GeoZarrHandler#
- class dtcg.datacube.geozarr.GeoZarrHandler(
- ds,
- ds_name='L1',
- target_chunk_mb=5.0,
- compressor=None,
- metadata_mapping_file_path=None,
- zarr_format=2,
Bases:
MetadataMapperAttributes
metadata_mappingsMethods
__init__(ds[, ds_name, target_chunk_mb, ...])Initialise a GeoZarrHandler object.
add_layer(ds, ds_name[, overwrite])Add a new dataset as a child group of the DataTree at the root.
export(storage_directory[, overwrite])Write the dataset to GeoZarr format.
get_layer(ds_name)Get a dataset from a DataTree.
Load and validate metadata mappings from a YAML file.
update_metadata(dataset, ds_name)Apply variable and shared metadata to an xarray Dataset.
- Parameters:
ds (xr.Dataset)
ds_name (str)
target_chunk_mb (float)
compressor (Optional[Blosc])
metadata_mapping_file_path (str)
zarr_format (int)
- __init__(
- ds,
- ds_name='L1',
- target_chunk_mb=5.0,
- compressor=None,
- metadata_mapping_file_path=None,
- zarr_format=2,
Initialise a GeoZarrHandler object.
- Parameters:
ds (xarray.Dataset) – Input dataset with dimensions (‘x’, ‘y’) or (‘t’, ‘x’, ‘y’). Must include coordinate variables.
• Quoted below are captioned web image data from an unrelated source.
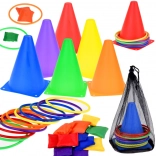 Set de jeu Quilles, Cerceaux et Sacs pour enfants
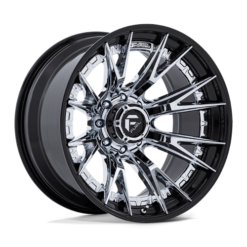 Fuel FC402 CATALYST CHROME WITH GLOSS BLACK LIP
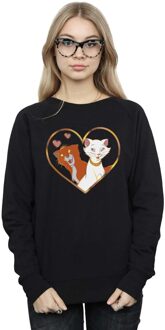 Disney Dames/Dames The Aristocats Hart Sweatshirt (Zwart) - maat L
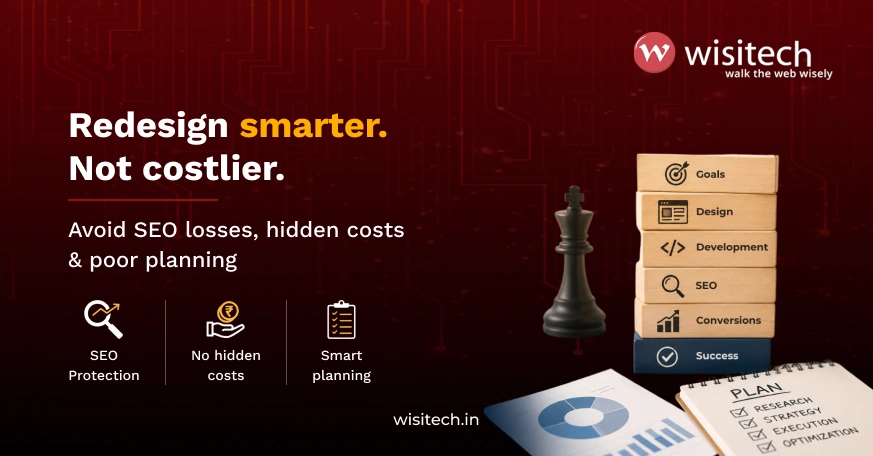 Website redesign cost in India highlighting SEO risks, hidden costs, and redesign best practices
ds_name (str, default 'L1') – Name of datacube.
target_chunk_mb (float, default 5.0) – Approximate chunk size in megabytes for efficient storage.
compressor (Blosc, default None) – Compressor to apply on arrays. If None, the compression will be Blosc with zstd.
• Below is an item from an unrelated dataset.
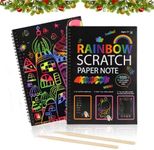 2 Pack Scratch Off Notebooks for Ki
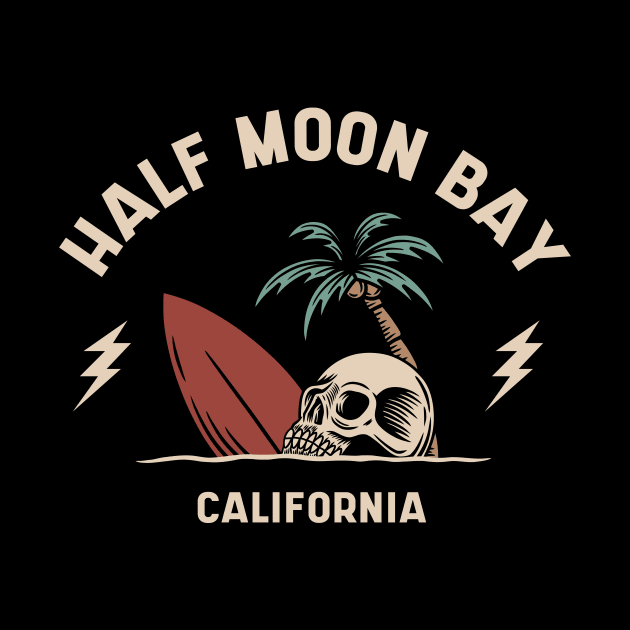 Vintage Surfing Half Moon Bay, California by SLAG_Creative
metadata_mapping_file_path (str, default None) – Path to the YAML file containing variable metadata mappings. If None, defaults to ‘metadata_mapping.yaml’ in the current directory.
zarr_format (int, default 2) – Zarr format version to use (2 or 3).
- add_layer(ds, ds_name, overwrite=False)[source]#
Add a new dataset as a child group of the DataTree at the root.
- Parameters:
ds (xarray.Dataset) – New dataset layer to be added to the existing data tree.
ds_name (str) – Layer name to be used for this node of the tree.
overwrite (bool) – If True, allow a layer of the same name to be overwritten.
- Return type:
None
- export(storage_directory, overwrite=True)[source]#
Write the dataset to GeoZarr format.
- Parameters:
storage_directory (str) – Path to write the Zarr data.
overwrite (bool, default True) – Whether to overwrite existing Zarr contents in the target location.
- Return type:
None
- get_layer(ds_name)[source]#
Get a dataset from a DataTree.
- Parameters:
ds_name (str) – Layer name.
- Returns:
Dataset layer in tree.
- Return type:
xr.Dataset
- Raises:
KeyError – If the layer name is not present in the data tree.
AttributeError – If the layer does not contain a dataset.
- read_metadata_mappings(
- metadata_mapping_file_path,
Load and validate metadata mappings from a YAML file.
- Parameters:
metadata_mapping_file_path (str) – Path to the YAML file containing metadata mappings.
self (MetadataMapper)
- Raises:
schema.SchemaError – If any of the metadata entries fail schema validation.
- Return type:
None
- update_metadata(dataset, ds_name)#
Apply variable and shared metadata to an xarray Dataset.
- Parameters:
dataset (xarray.Dataset) – Dataset to which the metadata should be applied.
ds_name (str) – Name of dataset.
self (MetadataMapper)
- Returns:
The input dataset with updated metadata.
- Return type:
xarray.Dataset
- Warns:
UserWarning – If any dataset variables are missing in the metadata mapping.
Notes
This function adds both per-variable and global metadata attributes. Missing variable mappings are reported as warnings, not errors.